= WHAT THIS TASK INVOLVES =
Take the line containing "More Photos Of" and every line after it to the end of the records, and copy them exactly, leaving out pictures.

= Extracted data entries =
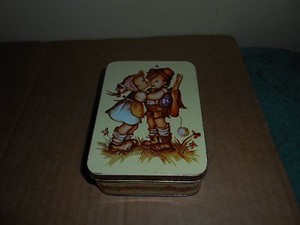 VTG GIFTCO HUMMEL GIRL KISSING BOY ON CHEEK EMPTY STORAGE TIN W/ LID HONG KONG
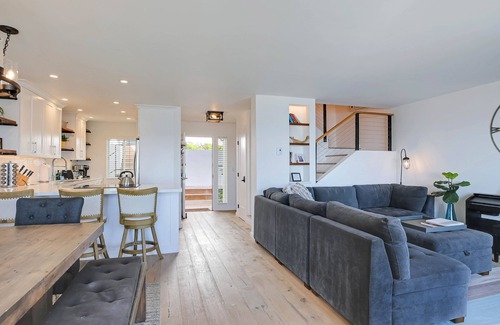 East Mesa Condo | Beachfront Hideaway in Santa Barbara - 2 bedrooms, pool, spa, across from beach, gorgeous!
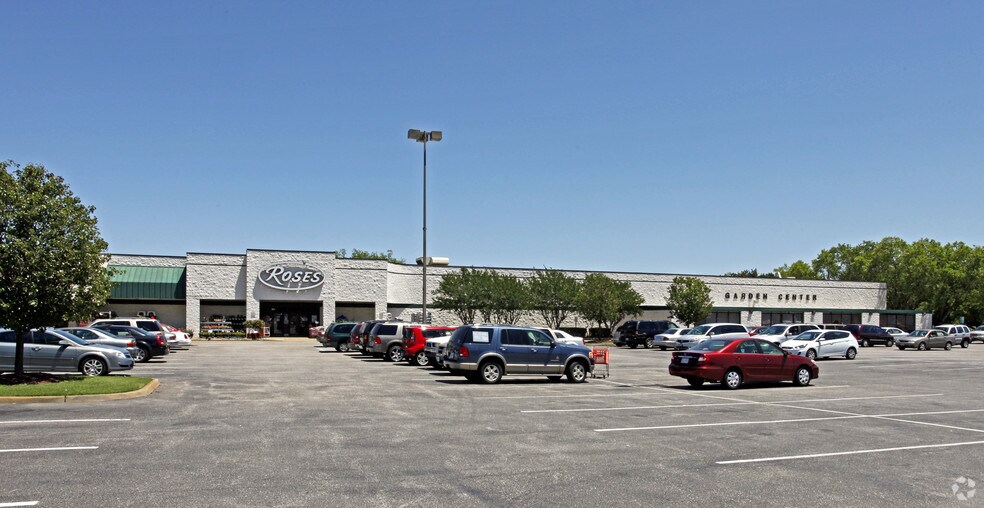 More Photos Of 701 Battlefield Blvd N, Chesapeake Freestanding For Lease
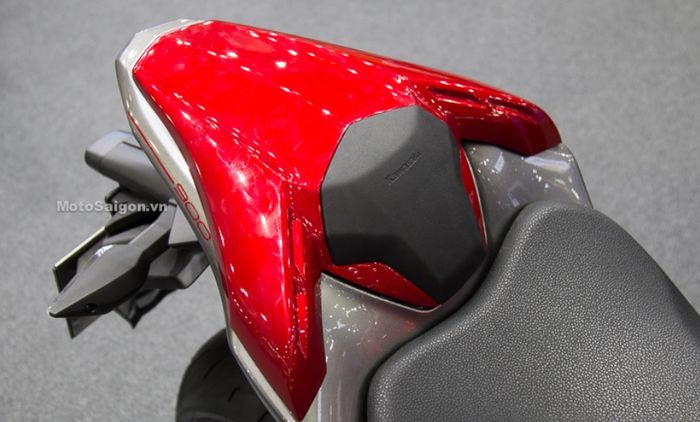 Singe seat  cover pada Z900 special edition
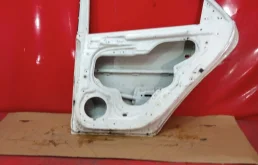 Дверь задняя правая для Kia Cerato 2012 года на фотографиях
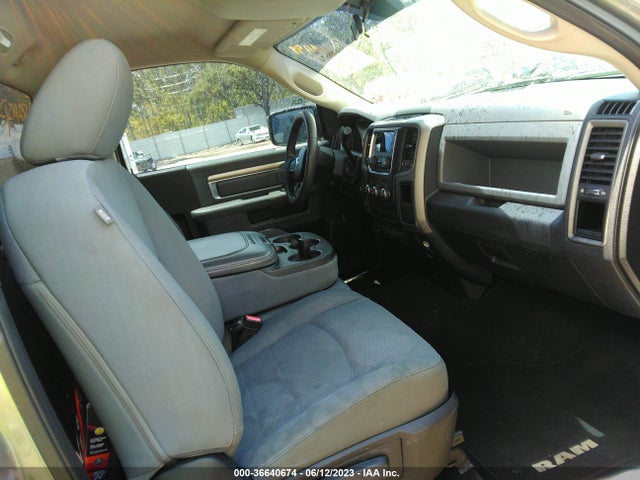 2013 RAM 1500 EXPRESS VIN: 3C6JR6AT6DG504499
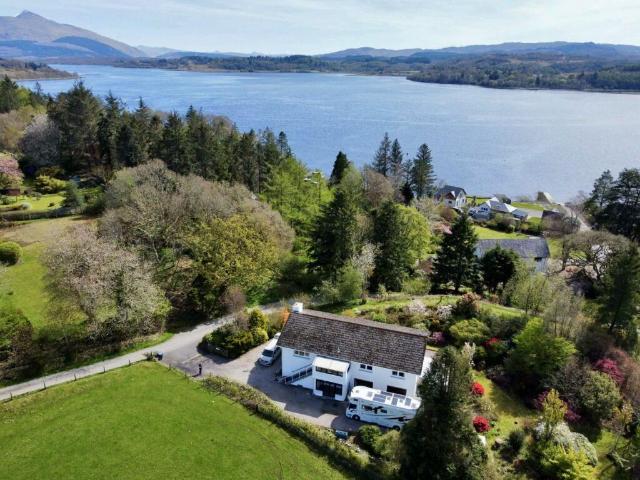 6 bedroom detached house for sale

= REPLY =
 More Photos Of 701 Battlefield Blvd N, Chesapeake Freestanding For Lease
 Singe seat  cover pada Z900 special edition
 Дверь задняя правая для Kia Cerato 2012 года на фотографиях
 2013 RAM 1500 EXPRESS VIN: 3C6JR6AT6DG504499
 6 bedroom detached house for sale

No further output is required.